There will be many who do not agree with me on this, but it IS just my opinion. I’ve observed that the most arrogant people I know are also the most insecure … and I find that paradox very interesting. Typically, when I think of someone who is insecure, I picture a very shy or unconfident person. But I never used to see arrogance as insecurity until it dawned on me one day that overconfidence (or arrogance) is kind of like the extra weight I continue to carry. I am an incest survivor and an introvert who uses her extra weight as a shield, a barrier if you will, against being taken advantage of sexually. I see this form of defense as being REACTIVE. In other words, I feel insecure and vulnerable, therefore I eat bad things in order to maintain a physical buffer that keeps others at a distance. Arrogance, on the other hand, I see as a form of self protection that is PROACTIVE … a form of social armor that is worn to project such confidence that others perceive you as formidable and untouchable.
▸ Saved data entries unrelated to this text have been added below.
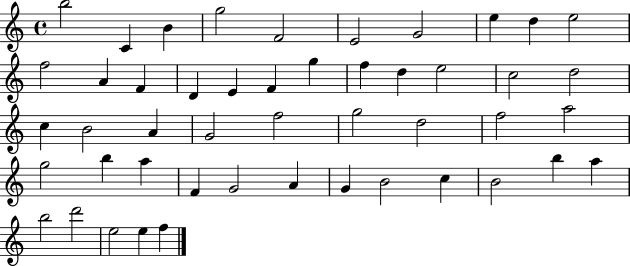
B5/h C4/q B4/q G5/h F4/h E4/h G4/h E5/q D5/q E5/h F5/h A4/q F4/q D4/q E4/q F4/q G5/q F5/q D5/q E5/h C5/h D5/h C5/q B4/h A4/q G4/h F5/h G5/h D5/h F5/h A5/h G5/h B5/q A5/q F4/q G4/h A4/q G4/q B4/h C5/q B4/h B5/q A5/q B5/h D6/h E5/h E5/q F5/q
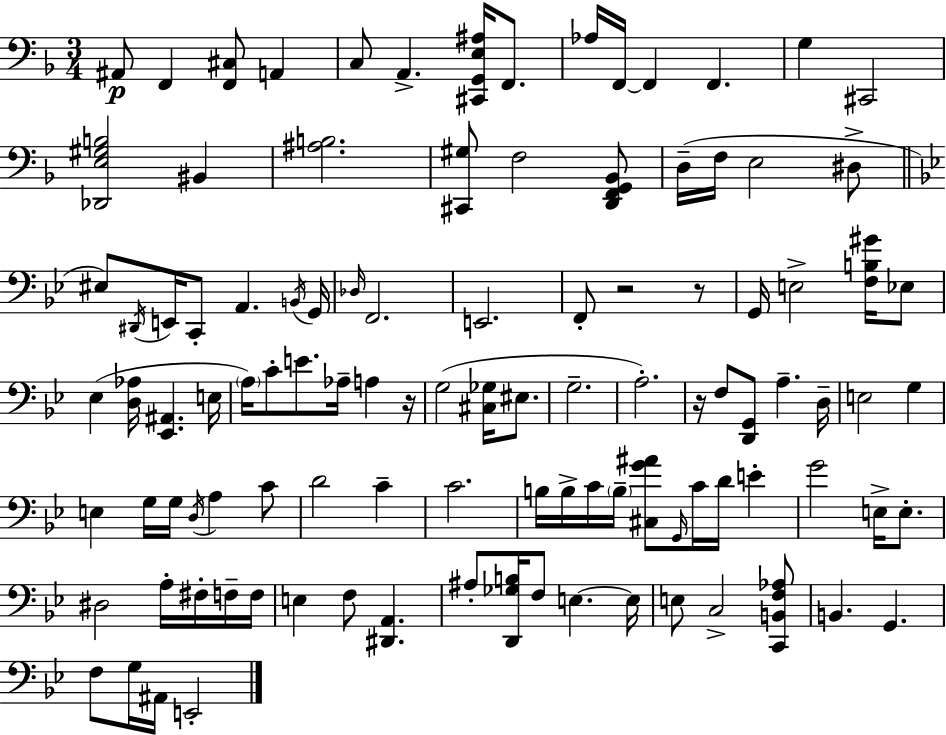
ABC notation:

X:1
T:Untitled
M:3/4
L:1/4
K:F
^A,,/2 F,, [F,,^C,]/2 A,, C,/2 A,, [^C,,G,,E,^A,]/4 F,,/2 _A,/4 F,,/4 F,, F,, G, ^C,,2 [_D,,E,^G,B,]2 ^B,, [^A,B,]2 [^C,,^G,]/2 F,2 [D,,F,,G,,_B,,]/2 D,/4 F,/4 E,2 ^D,/2 ^E,/2 ^D,,/4 E,,/4 C,,/2 A,, B,,/4 G,,/4 _D,/4 F,,2 E,,2 F,,/2 z2 z/2 G,,/4 E,2 [F,B,^G]/4 _E,/2 _E, [D,_A,]/4 [_E,,^A,,] E,/4 A,/4 C/2 E/2 _A,/4 A, z/4 G,2 [^C,_G,]/4 ^E,/2 G,2 A,2 z/4 F,/2 [D,,G,,]/2 A, D,/4 E,2 G, E, G,/4 G,/4 D,/4 A, C/2 D2 C C2 B,/4 B,/4 C/4 B,/4 [^C,G^A]/2 G,,/4 C/4 D/4 E G2 E,/4 E,/2 ^D,2 A,/4 ^F,/4 F,/4 F,/4 E, F,/2 [^D,,A,,] ^A,/2 [D,,_G,B,]/4 F,/2 E, E,/4 E,/2 C,2 [C,,B,,F,_A,]/2 B,, G,, F,/2 G,/4 ^A,,/4 E,,2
In the end though, it is all a matter of perspective. Ironically, I have been told by several people (family members as well as coworkers) that I am intimidating, which is SOOOOO NOT how I see myself at all. I feel confident, most of the time, because over the years I have developed faith in my intelligence and always have my fat armor to hide behind … but have never thought of myself as intimidating. That is a subjective observation colored by someone else’s issues. But arrogant people are often described as intimidating, too. Hmmm. To test my theory, I have challenged my own perceptions of people and found that the only folks I’ve known who believe they are truly free of insecurities are those sporting a narcissistic personality disorder … and even then they are so thin-skinned that they cannot tolerate the slightest criticism or rejection and tend to attack. Obviously they have insecurities, too, or they wouldn’t react that way. Bottom line is we are all humans with fragile egos and insecurities, no matter how much denial we express or forms of armor we wear. So I recommend we check our first impressions at the door, and look more closely at our similarities than our differences.